It was so soft that I almost didn’t hear it.
“I can’t marry Lord Winston.”
Her voice was raw, splintered at the edges—helpless and defiant all at once.
“He’s old, cruel… I feel so trapped.”
The words tore at something inside me, something I had long thought dead and buried.
I knew exactly the kind of man Winston was.
And the thought of Elizabeth bound to him, suffering beneath his vile hands?—
A future stolen, a light snuffed out?—
It was unthinkable.
Inside, my turmoil raged as fierce as any storm.
Intervening would be reckless.
It would threaten everything.
But to do nothing?
To leave her to that fate?
I would be no better than the monsters I hunted.
“Elizabeth.”
Her name escaped me as a whisper, heavy with the weight of a war I had yet to win.

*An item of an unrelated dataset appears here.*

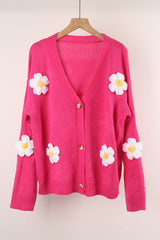 Button Cardigan Flower Sweater Coat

She turned to me, her gaze pleading—desperate—but it was not mercy she sought.
It was freedom.
“He is not worthy to stand in your shadow,” I said, my voice low, and firm—a vow I had no right to make.

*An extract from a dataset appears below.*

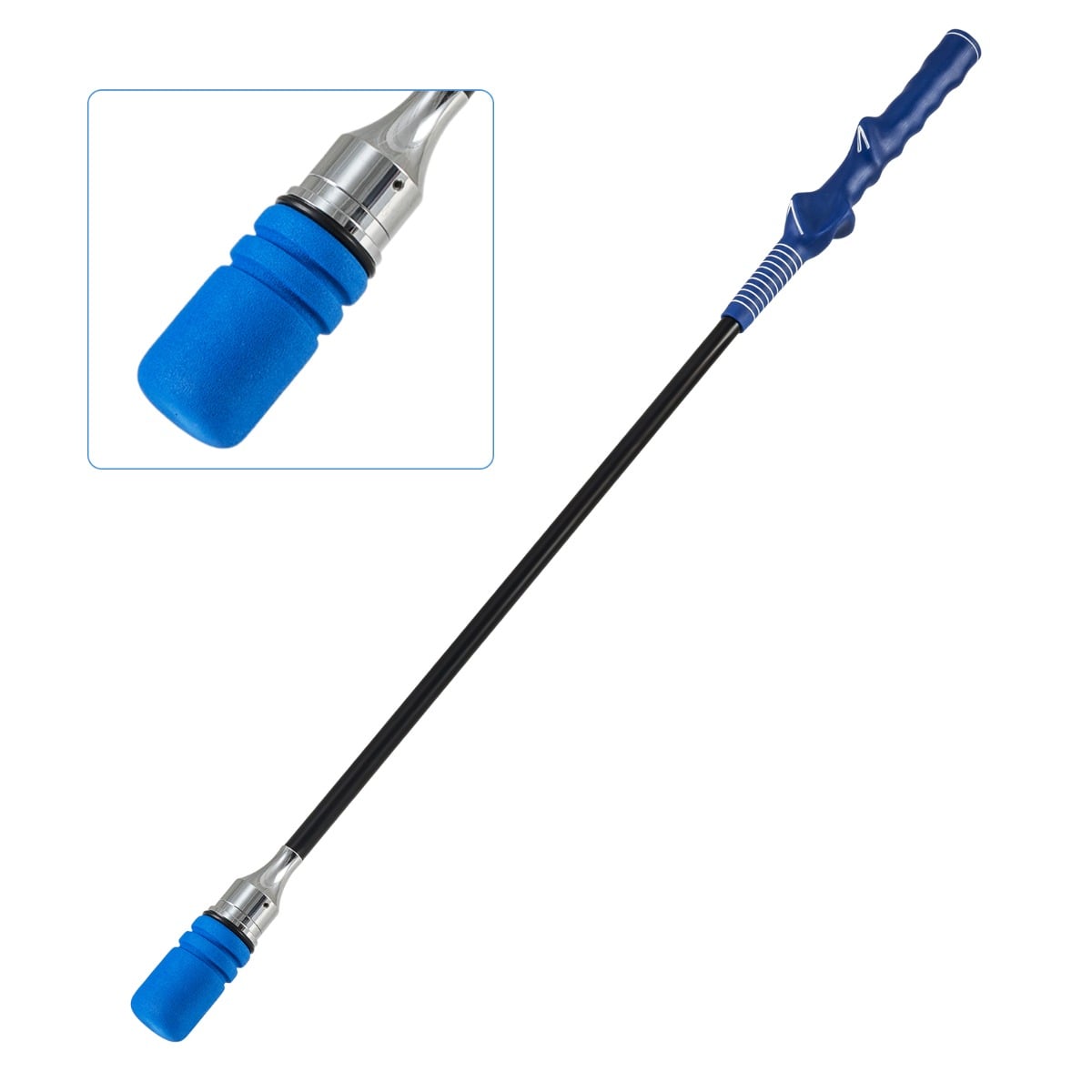 Golf Swing Trainer with click sound and weight, showing the grip and weighted end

“Let alone claim your hand.”
And just like that?—
The moment shifted.
A silent promise.
A dangerous truth.
An unspoken declaration hanging between us, like the last breath before a fall.
Because I knew, as surely as I knew my name?—
I would not let her be his.
The garden around us lay silent, save for the rustling leaves, whispering secrets in the dark—a fitting audience for this clandestine meeting between two souls caught in a web far more elaborate than we could have imagined.
“Listen to me, Elizabeth,” I implored, my voice deep and stable, though my pulse was anything but.
I leaned in, close enough to catch the faint trace of roses on her skin.
“You don’t have to marry him.”
Her breath hitched, her eyes widening. Moonlight caught in their depths, reflecting something new.
A flicker of hope.
“And what way is that?” she whispered, the words laced with disbelief. “Running away? To where?”
Her voice trembled—not with fear, but with a raw, acerbic desperation.
“The thought of facing my father’s wrath, of being cast out into a world that would see me as nothing—” she swallowed hard, her fingers twisting together. “It makes bile rise in my throat. I would have nothing. No one. My entire existence would crumble to dust before my eyes.”
Her pain sank into me like a dagger buried deep.
She was trapped.
And I—of all people—knew what it meant to be caged by duty.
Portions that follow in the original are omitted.